It is impossible for me to review a show I myself co-produced with any subjectivity or fairness, but: Wednesday’s Next Level Sketch was a ruddy triumph, and I am willing to mud-wrestle anyone who disagrees.
Our Hallowe’en show was cancelled due to too many ghosts on the line; our show before that, I was ill. I was, therefore, bursting with glee to finally be back on stage with great fellow sketch performers, in front of a decent, knowledgeable and appreciative crowd.
As host, I has an important task: to explain to the audience that we were raising money to help ease the plight of anteaters at this time of year, when the plunging temperatures unfortunately make it very difficult for them to find the ants they need to survive.
For crowd work, I asked an American couple  how out they were when they found out Santa was murdered by the CIA.
Next Level Sketch
Audience duly warmed up, or at least not explicitly cooled, Next Level Sketch took to the stage.
We were very good, with a set well balanced between NLS classics and some brand spanking new material.
The pandemic delayed things somewhat, but we’re getting closer to where I assumed we’d be back in 2020: a loose but hopefully welcome collective of writers and performers, with a molten core of regulars and producers who keep this particular clown car on the road.
One of the other acts – I forget who – described our set as “silly, but with some really dark moments”. I think we are getting closer to who we are, and producing material that no one else is.

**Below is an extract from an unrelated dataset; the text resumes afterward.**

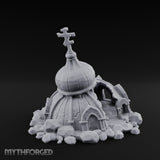 Dome-Capped Rubble-Ringed Onion Dome Temple Ruins Miniature for Dungeons and Dragons, Pathfinder or other TTRPGs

People seemed to like my Privates School sketch, brilliantly performed by Euan and Shruti, and I really enjoyed the role of the lead singer out of Black Lace attending the Stranger Things writer’s room.
It was the role I was born to play.
Closing the first half were Bab, two young midlanders who came to the stage with full pints and an easy charm.

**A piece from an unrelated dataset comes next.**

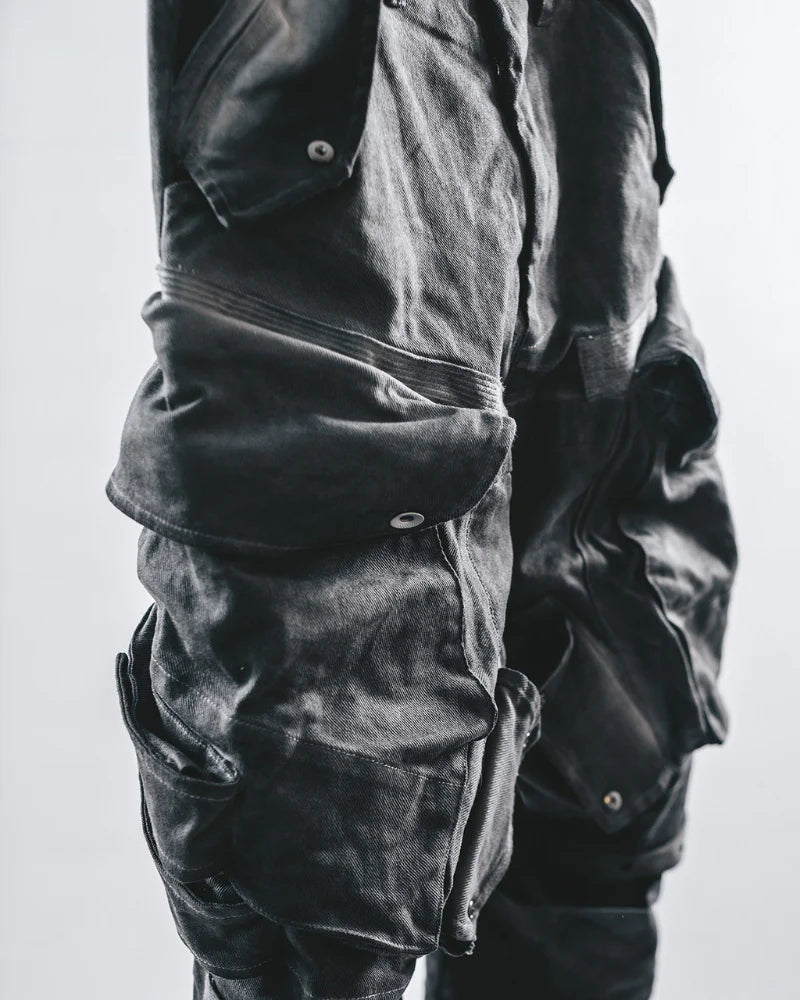 Post-Apocalyptic 3D Arc-Studded Distressed Cargo Pants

I especially enjoyed a bit on our modern addiction to relaxation podcasts, and an important and surreal treatise on a certain chain coffee shop.
Charlie Vero Martin
I have booked Charlie more than any other comedian, over the course of NLS and its sister event Factually Inaccurate Stand Up. Not only is she extremely funny and charming on stage, she’s also a thoroughly good egg off it. 
So naturally I repaid all of this by failing to mention that we had no projector this month, for World Cup reasons, forcing her to a) rush back home to get one of her own and then b) abandon her set entirely and do the whole of A Christmas Carol, on her own, playing every single character, in ten minutes.
She got the biggest laughs of the night.
Thick ‘N’ Fast
Myself and Nadine had the pleasure of seeing this duo at the Edinburgh Fringe, in a show that answers the important question of what happens when you put two people who don’t know what they’re doing in charge of the entire world.
Here, they were trying out material loosely based around the theme of the internet, for a show they’re working on for next year. It was both funny and thought provoking, particularly during a very clever and physical bit about art and the future of artificial intelligence.
After I thanked all the performers and our brilliant tech human, I announced the good news: we had raised enough money to record a Christmas charity single for the anteaters.
“You have to stay and listen”, I explained. “I’ve locked the doors”.
The plan was for everyone to come on stage, Band Aid style, and to sing along.
Strangely, and movingly, this actually happened.
 fine, it was Covid.
 Cat, who saw us perform last year, returned from the States for another visit with her husband in tow, which was extremely brilliant of her. Was the entire trip to London planned specifically around seeing our sketch group again? I am not at liberty to speculate.
 AND has written some extremely good articles about where the comedy industry is at and what that means for young performers.